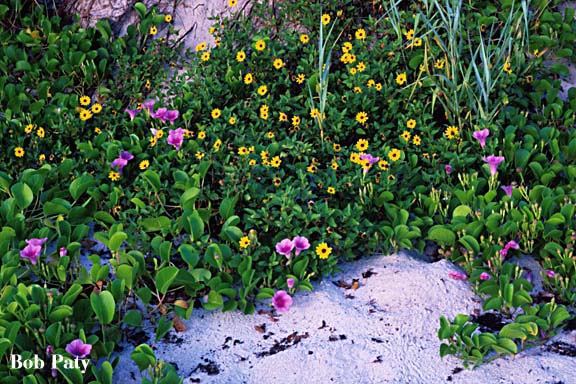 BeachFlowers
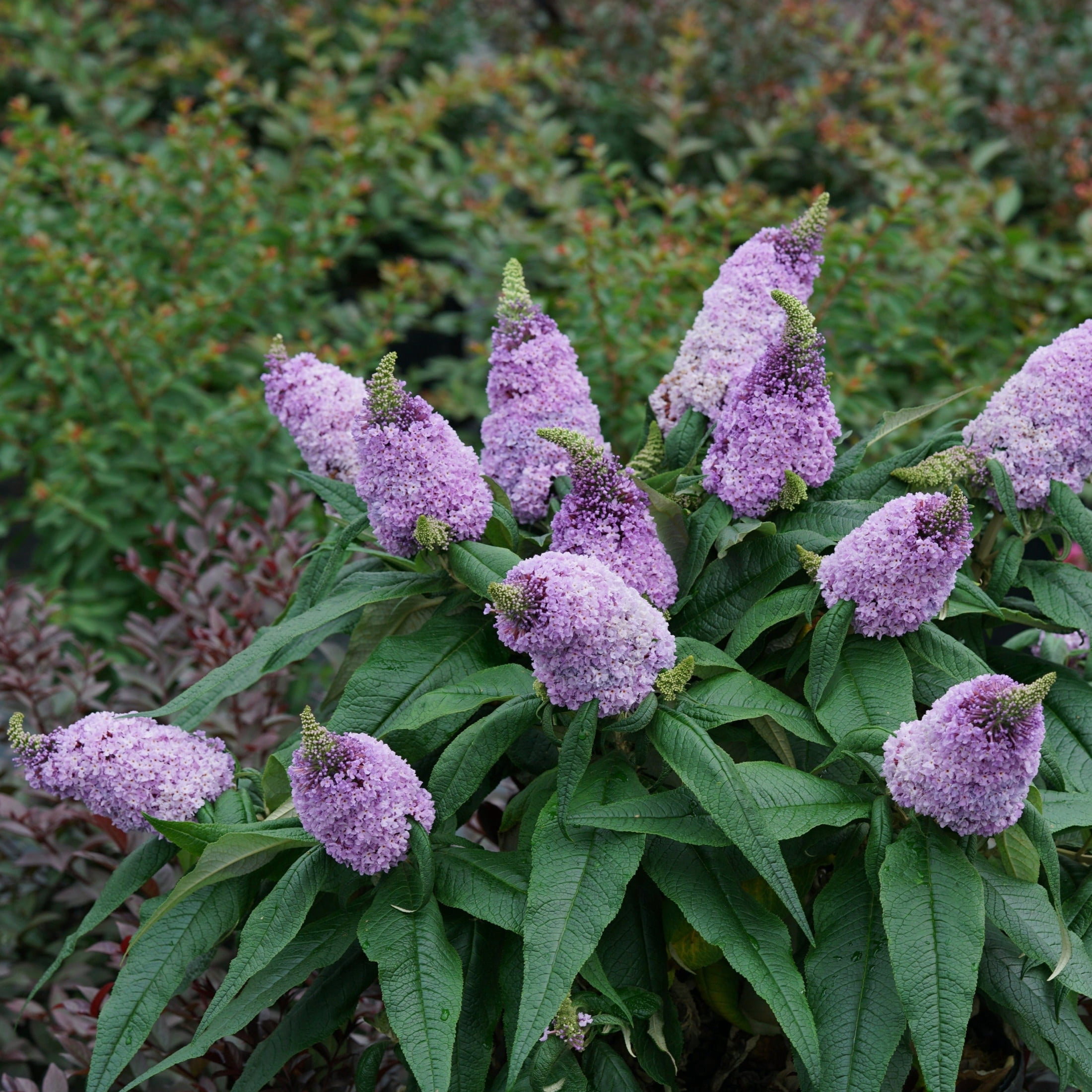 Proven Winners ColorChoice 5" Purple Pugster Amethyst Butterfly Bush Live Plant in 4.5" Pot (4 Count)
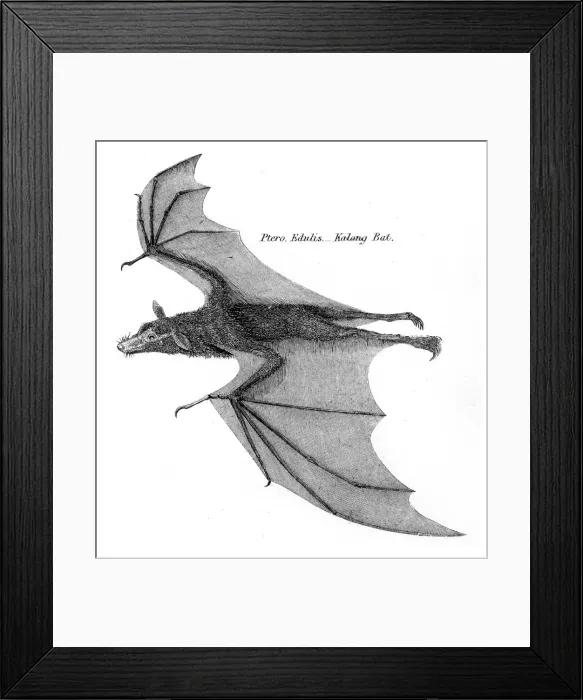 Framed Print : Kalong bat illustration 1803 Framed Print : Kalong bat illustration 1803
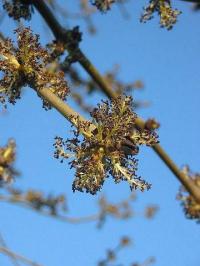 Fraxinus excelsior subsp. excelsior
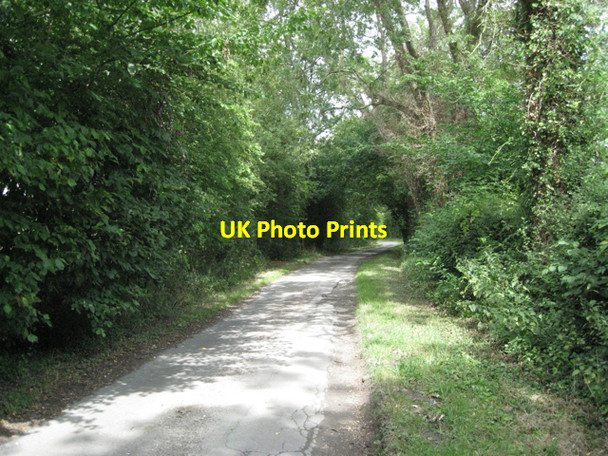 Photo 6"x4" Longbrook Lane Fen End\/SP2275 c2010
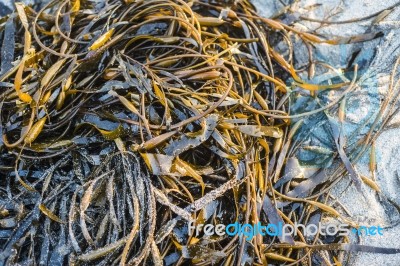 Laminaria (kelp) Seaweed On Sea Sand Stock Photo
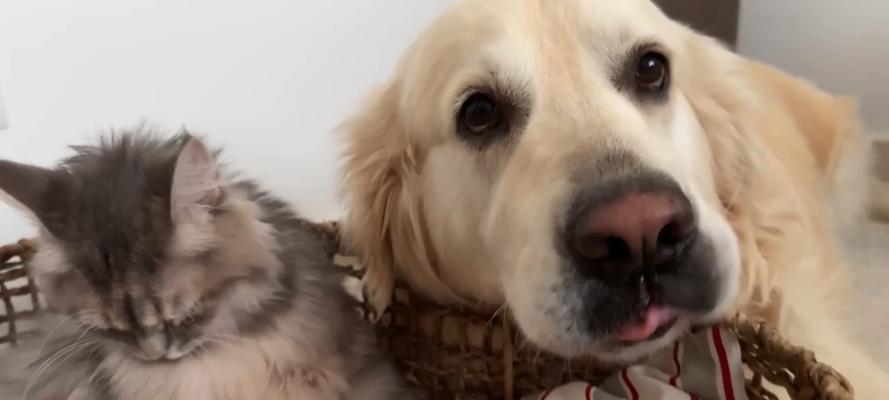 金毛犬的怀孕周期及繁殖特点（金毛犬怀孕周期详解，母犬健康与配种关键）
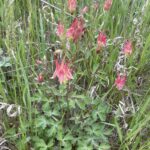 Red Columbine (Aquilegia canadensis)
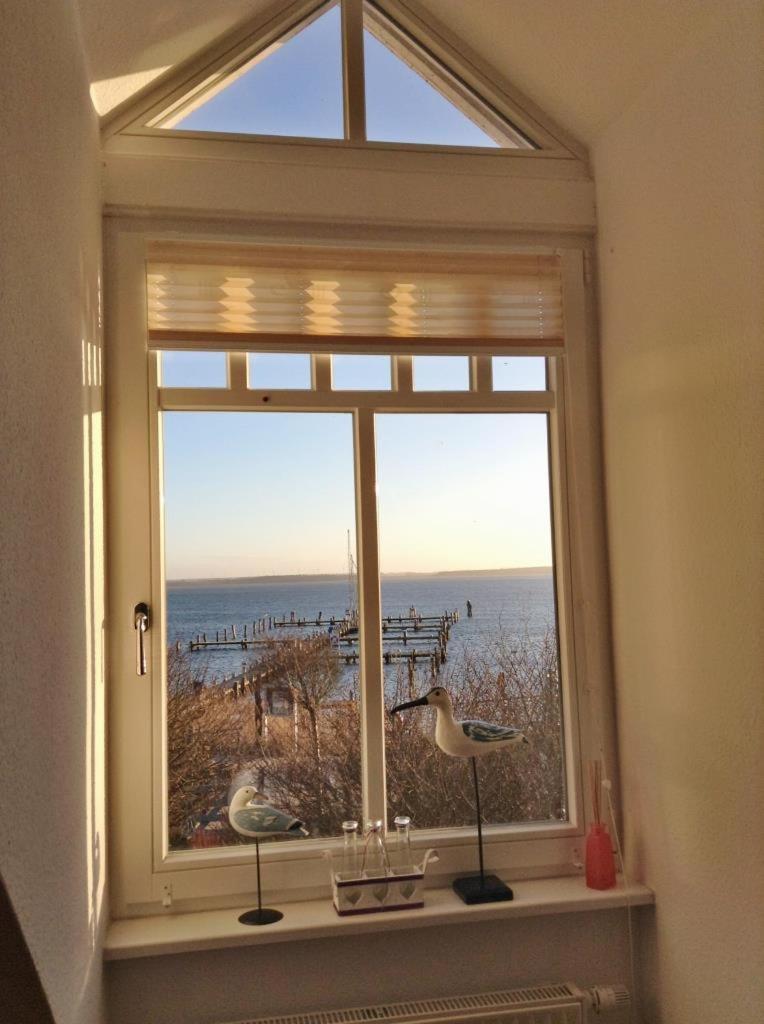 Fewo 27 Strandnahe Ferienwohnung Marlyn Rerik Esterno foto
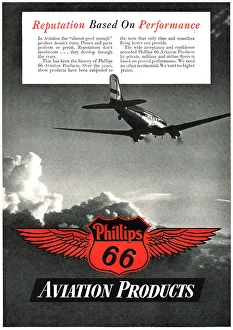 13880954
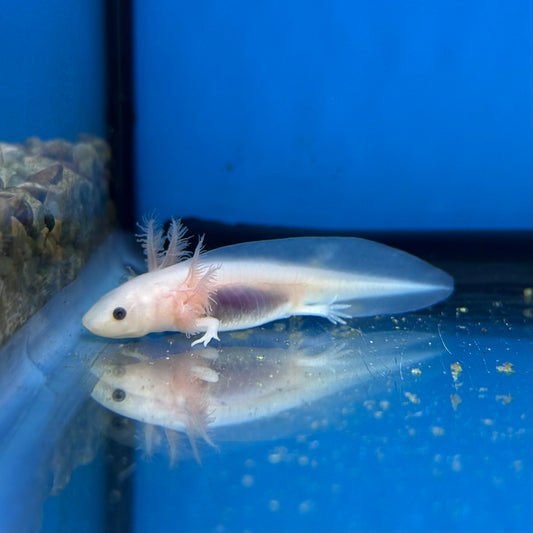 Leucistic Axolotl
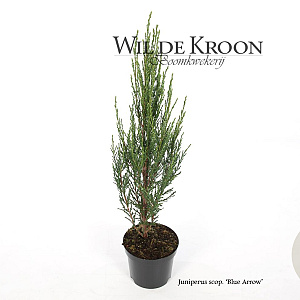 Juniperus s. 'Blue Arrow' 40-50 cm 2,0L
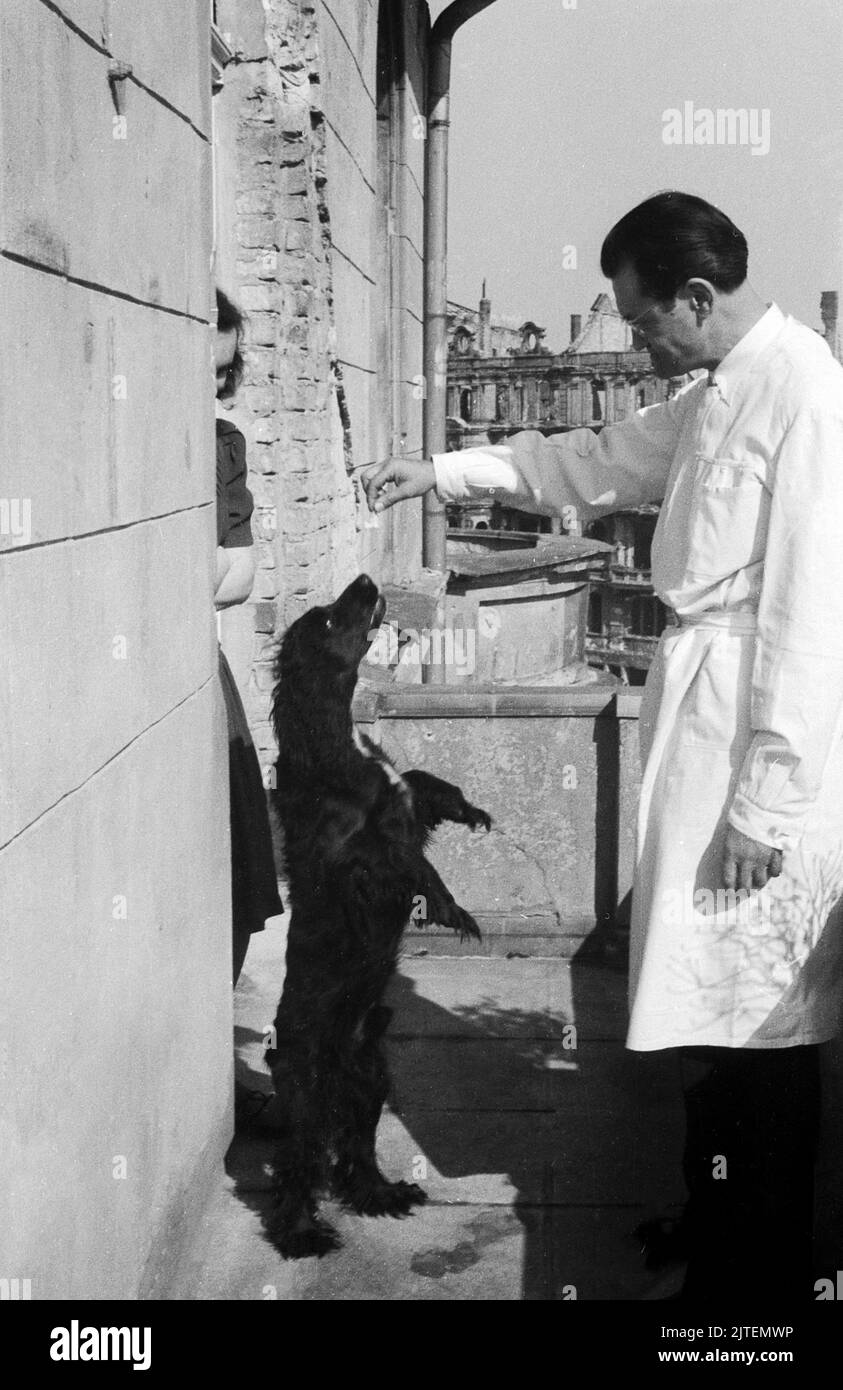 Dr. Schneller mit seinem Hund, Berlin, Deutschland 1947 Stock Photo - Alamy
--
▶ Task statement
Every line from the one containing "Fraxinus excelsior subsp. excelsior" to the final line of the records must be transcribed exactly, both ends included, with the pictures left out.

▶ Your response
 Fraxinus excelsior subsp. excelsior
 Photo 6"x4" Longbrook Lane Fen End\/SP2275 c2010
 Laminaria (kelp) Seaweed On Sea Sand Stock Photo
 金毛犬的怀孕周期及繁殖特点（金毛犬怀孕周期详解，母犬健康与配种关键）
 Red Columbine (Aquilegia canadensis)
 Fewo 27 Strandnahe Ferienwohnung Marlyn Rerik Esterno foto
 13880954
 Leucistic Axolotl
 Juniperus s. 'Blue Arrow' 40-50 cm 2,0L
 Dr. Schneller mit seinem Hund, Berlin, Deutschland 1947 Stock Photo - Alamy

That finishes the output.